═════ Given data ═════
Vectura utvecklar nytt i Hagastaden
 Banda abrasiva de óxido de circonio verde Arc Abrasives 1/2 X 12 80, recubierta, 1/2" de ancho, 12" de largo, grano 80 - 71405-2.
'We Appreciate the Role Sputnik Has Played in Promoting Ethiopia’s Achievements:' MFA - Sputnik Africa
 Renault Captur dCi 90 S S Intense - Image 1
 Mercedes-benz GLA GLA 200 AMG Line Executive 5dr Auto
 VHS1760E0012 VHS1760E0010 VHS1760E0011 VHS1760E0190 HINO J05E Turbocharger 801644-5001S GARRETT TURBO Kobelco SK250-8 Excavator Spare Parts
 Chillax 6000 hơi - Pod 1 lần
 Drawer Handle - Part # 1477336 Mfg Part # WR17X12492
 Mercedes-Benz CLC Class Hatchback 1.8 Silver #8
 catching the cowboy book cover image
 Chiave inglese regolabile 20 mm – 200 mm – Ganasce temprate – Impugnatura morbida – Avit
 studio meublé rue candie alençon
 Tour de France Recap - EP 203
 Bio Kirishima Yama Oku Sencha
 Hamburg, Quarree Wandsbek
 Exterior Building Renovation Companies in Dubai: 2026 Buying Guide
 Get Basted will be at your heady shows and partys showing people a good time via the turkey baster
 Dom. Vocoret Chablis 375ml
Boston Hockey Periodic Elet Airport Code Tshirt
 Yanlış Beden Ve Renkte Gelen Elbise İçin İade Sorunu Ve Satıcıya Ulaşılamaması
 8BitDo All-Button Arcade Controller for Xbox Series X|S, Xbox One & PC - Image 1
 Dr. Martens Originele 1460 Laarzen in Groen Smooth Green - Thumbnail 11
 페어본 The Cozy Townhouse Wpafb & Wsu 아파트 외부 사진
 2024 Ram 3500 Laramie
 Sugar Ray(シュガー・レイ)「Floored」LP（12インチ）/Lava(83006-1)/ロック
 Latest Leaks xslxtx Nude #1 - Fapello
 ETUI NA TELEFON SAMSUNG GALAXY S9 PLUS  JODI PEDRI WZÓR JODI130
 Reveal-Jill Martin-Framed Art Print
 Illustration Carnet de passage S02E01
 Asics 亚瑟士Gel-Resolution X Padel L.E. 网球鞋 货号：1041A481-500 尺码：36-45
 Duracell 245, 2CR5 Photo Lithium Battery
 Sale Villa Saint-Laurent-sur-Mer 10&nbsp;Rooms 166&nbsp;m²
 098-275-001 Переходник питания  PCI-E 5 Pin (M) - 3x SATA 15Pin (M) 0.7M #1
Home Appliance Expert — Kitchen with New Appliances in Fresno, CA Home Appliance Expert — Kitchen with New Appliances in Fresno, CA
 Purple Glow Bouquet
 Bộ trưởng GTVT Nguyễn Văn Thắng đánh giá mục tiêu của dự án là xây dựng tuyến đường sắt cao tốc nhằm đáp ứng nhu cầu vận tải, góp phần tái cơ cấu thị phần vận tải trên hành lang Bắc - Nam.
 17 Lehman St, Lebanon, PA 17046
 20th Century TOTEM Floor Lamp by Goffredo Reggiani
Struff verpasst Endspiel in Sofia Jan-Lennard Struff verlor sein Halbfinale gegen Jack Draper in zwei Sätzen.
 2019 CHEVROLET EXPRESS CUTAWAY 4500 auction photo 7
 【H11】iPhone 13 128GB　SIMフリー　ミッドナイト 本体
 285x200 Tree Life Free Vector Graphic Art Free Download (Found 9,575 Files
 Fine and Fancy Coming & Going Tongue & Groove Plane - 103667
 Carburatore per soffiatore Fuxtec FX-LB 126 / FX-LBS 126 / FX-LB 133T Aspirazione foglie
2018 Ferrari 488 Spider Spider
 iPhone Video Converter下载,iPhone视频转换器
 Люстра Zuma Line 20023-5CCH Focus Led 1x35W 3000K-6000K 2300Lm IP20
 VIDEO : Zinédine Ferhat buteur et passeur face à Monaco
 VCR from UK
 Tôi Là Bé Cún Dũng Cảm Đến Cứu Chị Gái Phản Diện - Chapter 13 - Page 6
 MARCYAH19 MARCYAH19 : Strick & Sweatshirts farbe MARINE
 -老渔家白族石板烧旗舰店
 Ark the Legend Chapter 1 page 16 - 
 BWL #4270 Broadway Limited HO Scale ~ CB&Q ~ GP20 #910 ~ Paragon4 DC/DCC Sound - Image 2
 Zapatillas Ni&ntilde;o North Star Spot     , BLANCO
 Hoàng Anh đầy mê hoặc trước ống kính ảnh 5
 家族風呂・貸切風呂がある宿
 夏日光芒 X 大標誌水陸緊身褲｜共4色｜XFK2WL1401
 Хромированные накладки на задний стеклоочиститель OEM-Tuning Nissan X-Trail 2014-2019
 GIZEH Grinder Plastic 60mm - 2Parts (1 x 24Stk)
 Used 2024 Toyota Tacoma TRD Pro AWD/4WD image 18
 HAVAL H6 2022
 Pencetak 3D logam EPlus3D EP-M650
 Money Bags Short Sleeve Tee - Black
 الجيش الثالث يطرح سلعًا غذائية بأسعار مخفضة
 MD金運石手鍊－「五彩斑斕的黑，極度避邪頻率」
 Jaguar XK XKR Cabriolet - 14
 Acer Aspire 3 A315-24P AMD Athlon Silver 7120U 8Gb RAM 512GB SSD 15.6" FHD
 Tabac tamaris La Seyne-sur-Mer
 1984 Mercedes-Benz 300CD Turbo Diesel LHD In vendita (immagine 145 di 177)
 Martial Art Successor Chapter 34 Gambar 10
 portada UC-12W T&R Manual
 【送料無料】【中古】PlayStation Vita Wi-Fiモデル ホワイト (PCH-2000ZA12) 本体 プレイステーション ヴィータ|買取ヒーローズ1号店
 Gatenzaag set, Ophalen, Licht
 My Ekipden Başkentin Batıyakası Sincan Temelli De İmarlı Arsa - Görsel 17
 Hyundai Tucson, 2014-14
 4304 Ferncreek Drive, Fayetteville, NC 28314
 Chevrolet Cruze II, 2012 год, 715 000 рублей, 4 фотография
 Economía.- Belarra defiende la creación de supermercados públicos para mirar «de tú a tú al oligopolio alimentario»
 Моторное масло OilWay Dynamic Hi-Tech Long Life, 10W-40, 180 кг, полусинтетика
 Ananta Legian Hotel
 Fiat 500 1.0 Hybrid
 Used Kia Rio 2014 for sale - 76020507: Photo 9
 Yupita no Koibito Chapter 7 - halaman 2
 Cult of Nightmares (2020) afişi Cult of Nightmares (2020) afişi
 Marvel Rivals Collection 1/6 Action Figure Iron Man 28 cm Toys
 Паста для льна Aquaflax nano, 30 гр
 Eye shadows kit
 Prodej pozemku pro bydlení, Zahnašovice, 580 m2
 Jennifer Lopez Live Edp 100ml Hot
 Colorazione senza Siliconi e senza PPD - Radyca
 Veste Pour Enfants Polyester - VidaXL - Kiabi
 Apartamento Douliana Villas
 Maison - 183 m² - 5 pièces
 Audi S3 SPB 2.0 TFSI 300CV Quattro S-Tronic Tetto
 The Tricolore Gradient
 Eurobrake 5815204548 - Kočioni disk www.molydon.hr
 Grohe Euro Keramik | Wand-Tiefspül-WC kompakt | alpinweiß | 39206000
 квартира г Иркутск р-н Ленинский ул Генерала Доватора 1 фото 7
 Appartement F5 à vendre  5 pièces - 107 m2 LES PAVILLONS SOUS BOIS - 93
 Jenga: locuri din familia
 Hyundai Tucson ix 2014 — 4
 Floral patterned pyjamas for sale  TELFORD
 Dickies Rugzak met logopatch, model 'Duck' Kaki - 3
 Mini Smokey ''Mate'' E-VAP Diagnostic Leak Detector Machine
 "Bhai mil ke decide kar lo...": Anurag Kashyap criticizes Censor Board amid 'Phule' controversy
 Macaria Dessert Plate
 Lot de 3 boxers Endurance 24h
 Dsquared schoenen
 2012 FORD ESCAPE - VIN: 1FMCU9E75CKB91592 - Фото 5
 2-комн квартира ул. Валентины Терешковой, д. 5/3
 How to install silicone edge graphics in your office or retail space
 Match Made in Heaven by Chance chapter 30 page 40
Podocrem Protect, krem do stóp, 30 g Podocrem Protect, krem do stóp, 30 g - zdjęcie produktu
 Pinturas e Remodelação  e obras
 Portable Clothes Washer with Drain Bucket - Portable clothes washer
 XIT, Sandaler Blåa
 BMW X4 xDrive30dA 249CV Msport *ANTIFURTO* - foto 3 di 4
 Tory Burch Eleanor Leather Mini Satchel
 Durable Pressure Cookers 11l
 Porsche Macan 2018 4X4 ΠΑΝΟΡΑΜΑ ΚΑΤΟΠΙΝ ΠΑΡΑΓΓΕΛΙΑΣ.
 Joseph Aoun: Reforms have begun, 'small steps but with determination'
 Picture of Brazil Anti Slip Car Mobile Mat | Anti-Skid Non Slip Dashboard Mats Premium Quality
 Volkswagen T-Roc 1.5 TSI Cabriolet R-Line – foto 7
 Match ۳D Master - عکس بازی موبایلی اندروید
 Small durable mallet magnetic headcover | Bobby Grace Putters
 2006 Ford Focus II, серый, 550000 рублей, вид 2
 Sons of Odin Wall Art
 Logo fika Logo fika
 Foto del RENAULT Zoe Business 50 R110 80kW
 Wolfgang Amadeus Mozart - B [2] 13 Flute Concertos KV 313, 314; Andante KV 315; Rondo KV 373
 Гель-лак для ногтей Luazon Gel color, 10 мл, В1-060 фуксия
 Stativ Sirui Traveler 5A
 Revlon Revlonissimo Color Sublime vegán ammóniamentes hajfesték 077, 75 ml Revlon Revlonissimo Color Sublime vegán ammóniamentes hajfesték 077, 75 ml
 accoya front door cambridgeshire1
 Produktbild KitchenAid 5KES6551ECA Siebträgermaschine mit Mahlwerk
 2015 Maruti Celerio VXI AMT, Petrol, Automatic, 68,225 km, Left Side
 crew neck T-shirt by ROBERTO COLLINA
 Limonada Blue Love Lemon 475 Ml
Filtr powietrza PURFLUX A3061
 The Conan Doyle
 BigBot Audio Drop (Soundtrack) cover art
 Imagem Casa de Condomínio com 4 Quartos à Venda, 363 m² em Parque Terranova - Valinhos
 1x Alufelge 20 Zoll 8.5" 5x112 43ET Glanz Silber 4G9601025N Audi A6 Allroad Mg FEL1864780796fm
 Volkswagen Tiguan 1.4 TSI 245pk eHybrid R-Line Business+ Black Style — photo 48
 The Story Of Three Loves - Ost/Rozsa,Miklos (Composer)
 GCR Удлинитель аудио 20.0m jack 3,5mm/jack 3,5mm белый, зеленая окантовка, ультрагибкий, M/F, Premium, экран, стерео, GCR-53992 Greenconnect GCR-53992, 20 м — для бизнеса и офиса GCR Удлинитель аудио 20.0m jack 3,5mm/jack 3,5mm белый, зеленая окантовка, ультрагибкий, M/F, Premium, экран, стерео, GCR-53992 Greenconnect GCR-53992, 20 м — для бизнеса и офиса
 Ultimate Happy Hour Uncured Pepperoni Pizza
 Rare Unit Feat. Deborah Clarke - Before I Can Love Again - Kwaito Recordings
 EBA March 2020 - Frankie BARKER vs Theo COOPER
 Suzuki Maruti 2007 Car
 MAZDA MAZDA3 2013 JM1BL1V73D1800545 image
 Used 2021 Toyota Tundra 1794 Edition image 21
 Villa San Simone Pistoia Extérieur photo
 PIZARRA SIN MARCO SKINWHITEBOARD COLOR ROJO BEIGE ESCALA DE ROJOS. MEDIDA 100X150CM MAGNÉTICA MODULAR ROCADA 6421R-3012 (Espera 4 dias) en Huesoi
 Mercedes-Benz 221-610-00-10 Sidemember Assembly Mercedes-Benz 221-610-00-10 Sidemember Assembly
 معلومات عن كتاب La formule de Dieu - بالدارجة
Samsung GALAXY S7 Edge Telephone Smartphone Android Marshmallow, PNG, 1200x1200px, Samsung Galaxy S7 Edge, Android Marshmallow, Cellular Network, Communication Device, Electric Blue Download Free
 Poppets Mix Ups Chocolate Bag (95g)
═════
What is being asked:
All lines in the listing above between the line with "Apartamento Douliana Villas" and the line with "Dsquared schoenen", inclusive, should be set down exactly, and no line outside that range.

Your response:
 Apartamento Douliana Villas
 Maison - 183 m² - 5 pièces
 Audi S3 SPB 2.0 TFSI 300CV Quattro S-Tronic Tetto
 The Tricolore Gradient
 Eurobrake 5815204548 - Kočioni disk www.molydon.hr
 Grohe Euro Keramik | Wand-Tiefspül-WC kompakt | alpinweiß | 39206000
 квартира г Иркутск р-н Ленинский ул Генерала Доватора 1 фото 7
 Appartement F5 à vendre  5 pièces - 107 m2 LES PAVILLONS SOUS BOIS - 93
 Jenga: locuri din familia
 Hyundai Tucson ix 2014 — 4
 Floral patterned pyjamas for sale  TELFORD
 Dickies Rugzak met logopatch, model 'Duck' Kaki - 3
 Mini Smokey ''Mate'' E-VAP Diagnostic Leak Detector Machine
 "Bhai mil ke decide kar lo...": Anurag Kashyap criticizes Censor Board amid 'Phule' controversy
 Macaria Dessert Plate
 Lot de 3 boxers Endurance 24h
 Dsquared schoenen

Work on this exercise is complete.